**WHAT TO PRODUCE**.
Pictures do not belong in the copy. Write out exactly the lines from the one containing "Snapshot of biggerisbetter12" through the end of the data.

Short text fragments from websites

Content starts

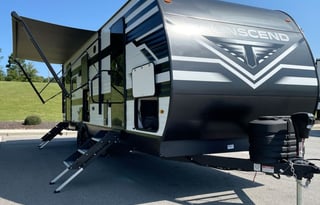 Brand New Just for YOU! 2025 Grand Design Sleeps 8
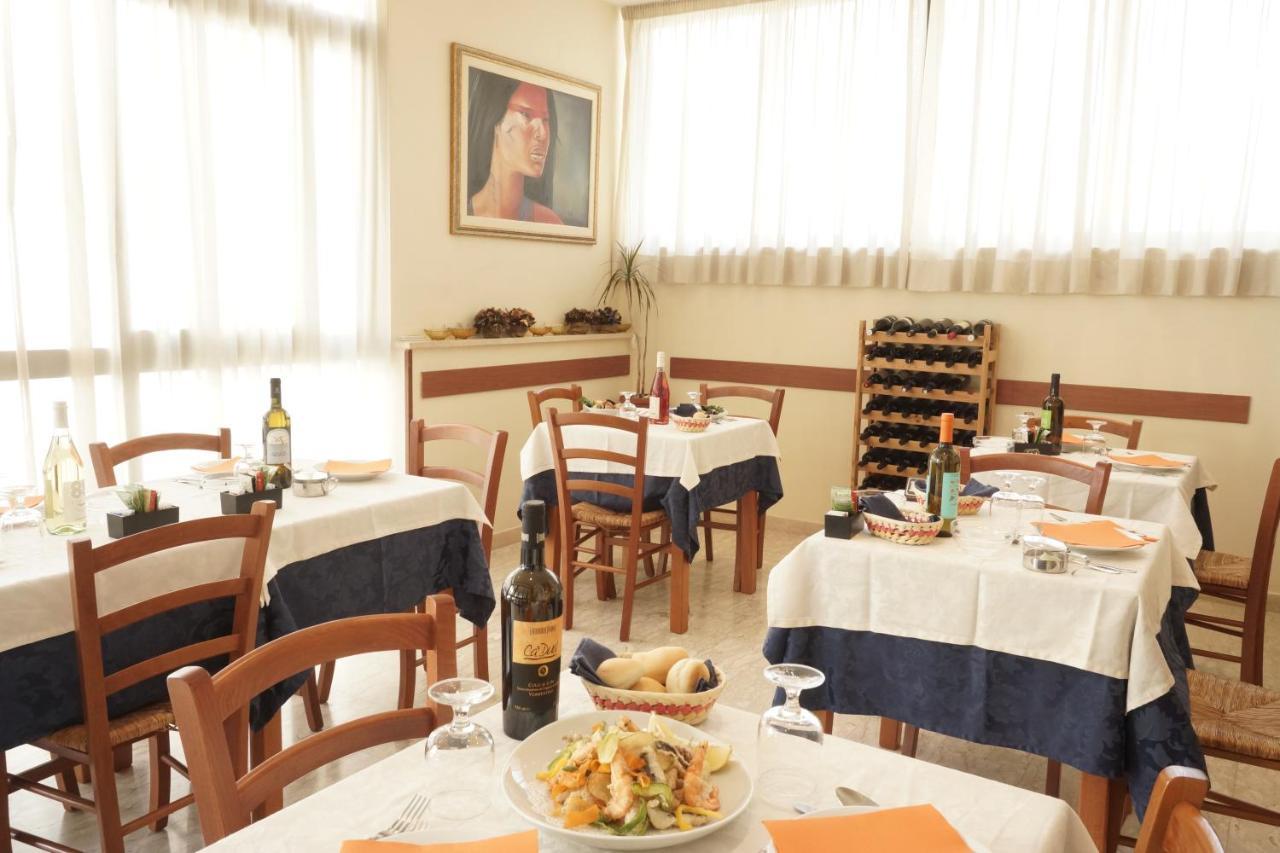 Hotel Caribe Viareggio Eksteriør billede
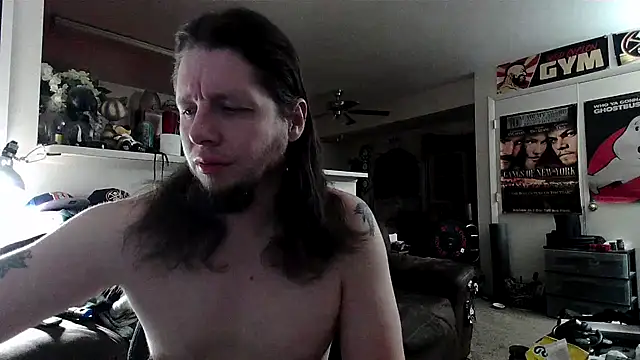 Snapshot of biggerisbetter12 chatting on 24, 10, 2025 biggerisbetter12 online show from 24, 10, 2025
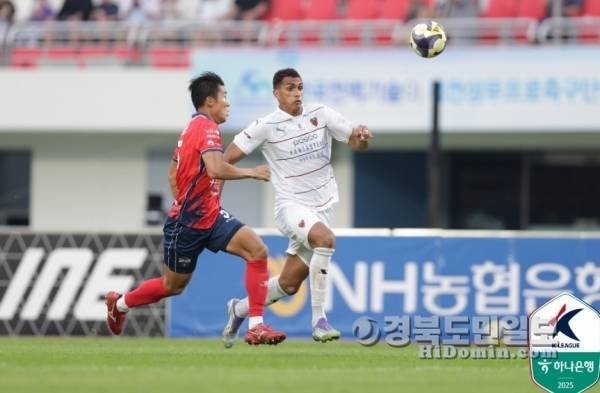 포항 조르지(오른쪽)가 김천 골문으로 볼을 드리볼 하고 있다. 사진=한국프로축구연맹 제공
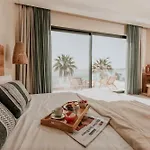 Ostrako Beachside Suites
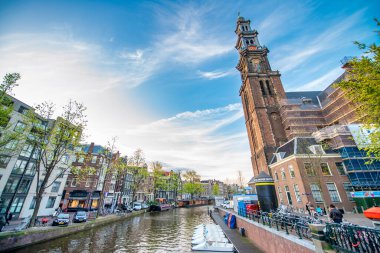 AMSTERDAM, NETHERLANDS - 25 Nisan 2015: Kanal üzerindeki geleneksel evler ve binalar.
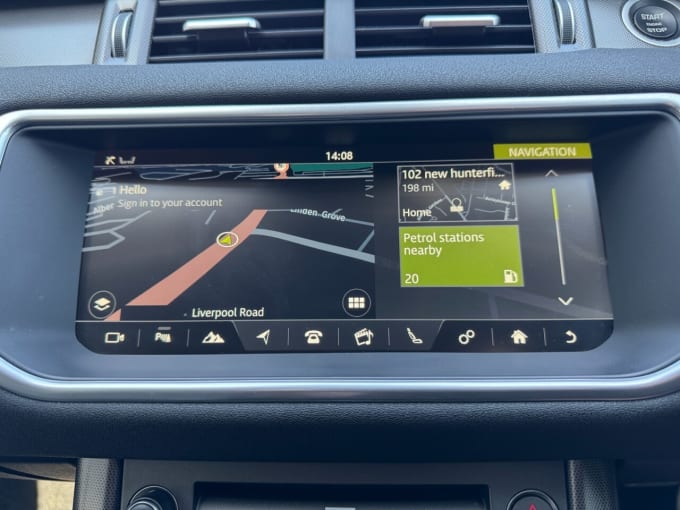 2025 Land Rover Range Rover Evoque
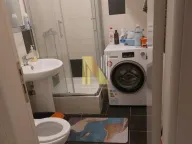 Izdavanje, trosoban stan, 65m², Centar, Novi Sad - image 10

Content ends

**REPLY TO THE TASK**.
 Snapshot of biggerisbetter12 chatting on 24, 10, 2025 biggerisbetter12 online show from 24, 10, 2025
 포항 조르지(오른쪽)가 김천 골문으로 볼을 드리볼 하고 있다. 사진=한국프로축구연맹 제공
 Ostrako Beachside Suites
 AMSTERDAM, NETHERLANDS - 25 Nisan 2015: Kanal üzerindeki geleneksel evler ve binalar.
 2025 Land Rover Range Rover Evoque
 Izdavanje, trosoban stan, 65m², Centar, Novi Sad - image 10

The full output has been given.